CHP İstanbul Milletvekili Oran'ın, Yargıtay Cumhuriyet Başsavcılığı'na sunulmak üzere İstanbul Cumhuriyet Başsavcılığı'na bugün saat 11.30'da verdiği suç duyurusu dilekçesinde, Taksim Yayalaştırma Projesi kapsamında Gezi Parkındaki ağaçların kesilerek bu alanda bir Alışveriş Merkezinin yapılması çerçevesinde yaşanan hukuk dışı sürece giderek yeni hukuksuzluklar ve suç unsurları eklendiği belirtildi. Dilekçede, "Bu çerçevede Başbakan Recep Tayyip Erdoğan tarafından İstanbul'a yapılacak 3. köprünün temel atma töreninde yapılan konuşmada aynen, '.. İşte birileri geliyor. Taksim Meydanında yok gezi parkı şöyle olmuş böyle oldu orada gelip gösteri yapacaklar şudur budur v.s Ne yaparsanız yapın biz kararı verdik verdiğimiz gibi bunu işleyeceğiz' ifadelerine yer verilmiştir.
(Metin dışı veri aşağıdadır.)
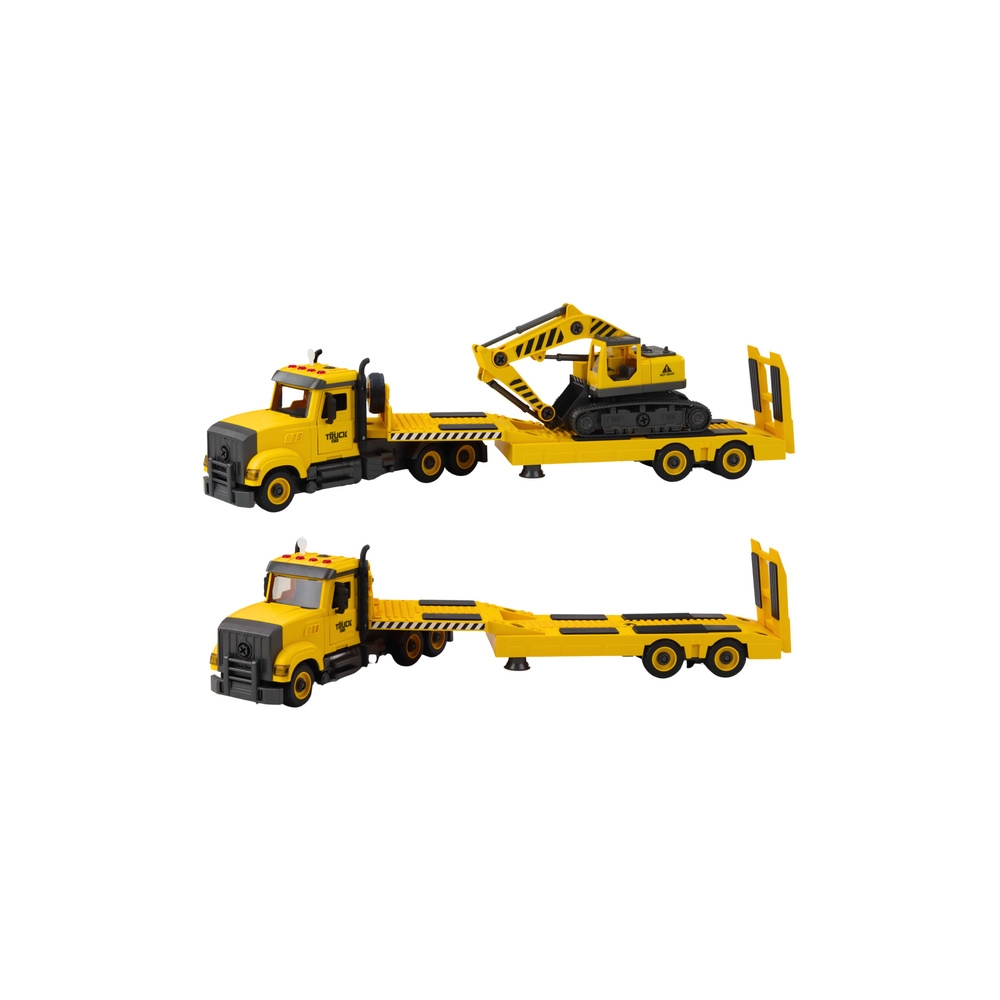 Sunkvežimis DIY Caterpillar su ekskavatoriumi žibintai garsai, geltonas-Žaislai, Auto ir transporto žaislai, Traktoriai-e-vaikas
Başbakan Recep Tayyip Erdoğan'ın, halkın iradesini hiçe sayan, milletin egemenliğini temel alan Anayasayı ayaklar altına alarak hiçbir hukuk makamı, yasal mevzuat ve otorite tanımadığını ifade eden, tek otoritenin kendileri olduğunu ima dahi etmeden açıkça beyan eden bu sözleri sayısız açıdan suç unsuru taşımaktadır" denildi.
-YARGI HİÇE SAYILIYOR-
Dilekçede, Gezi Parkının yıkılarak yerine alışveriş merkezi yapılmasının zeminini hazırlayan 17 Ocak 2012 tarihli 1/5000 ve 1/1000 ölçekli Koruma Amaçlı Nazım İmar Plan tadilatlarına Şehir Plancıları, Peyzaj Mimarları ve Mimarlar Odası tarafından İstanbul 1. İdare Mahkemesi'nde dava açıldığı hatırlatılarak,
aynı şekilde Taksim Gezi Parkı üzerinde Topçu Kışlası adı altında yapılması planlanan bina ile ilgili olarak Taksim Gezi Parkı Koruma ve Güzelleştirme Derneği tarafından ve yürütmeyi durdurma talepli olarak İstanbul 6. İdare Mahkemesi'nin 2013/956 E. sayılı dosyası yanında başka sivil toplum kuruluşları ile vatandaşlar tarafından da açılan davalar olduğu anımsatıldı. Bunların incelemelerinin halen sürdüğüne işaret edilen dilekçede, şu ifadelere yer verildi:
"Yapılan tespitlerden ve yargılamanın sürecinden, söz konusu plan tadilatlarının yasaya aykırılık teşkil ettiği ve iptalinin gündeme geleceği yüksek ihtimal dahilinde iken, Başbakan tarafından yargının sonucu beklenmeden, yargının önüne geçilerek ve bağımsız yargı hiçe sayılarak, 'Ne yaparsanız yapın biz kararı verdik verdiğimiz gibi bunu işleyeceğiz' ifadelerinin kullanılması, açıkça, Türk Ceza Kanunumuzun 288.maddesinde düzenlenmiş olan ve 'Görülmekte olan bir davada veya yapılmakta olan bir soruşturmada, hukuka aykırı bir karar vermesi veya bir işlem tesis etmesi ya da gerçeğe aykırı beyanda bulunması için, yargı görevi yapanı, bilirkişiyi veya tanığı hukuka aykırı olarak etkilemek amacıyla alenen sözlü veya yazılı beyanda bulunan kişi, elli günden az olmamak üzere adli para cezası ile cezalandırılır' şeklinde ifadesini bulan Adil Yargılamayı Etkilemeye Teşebbüs suçunu oluşturmaktadır."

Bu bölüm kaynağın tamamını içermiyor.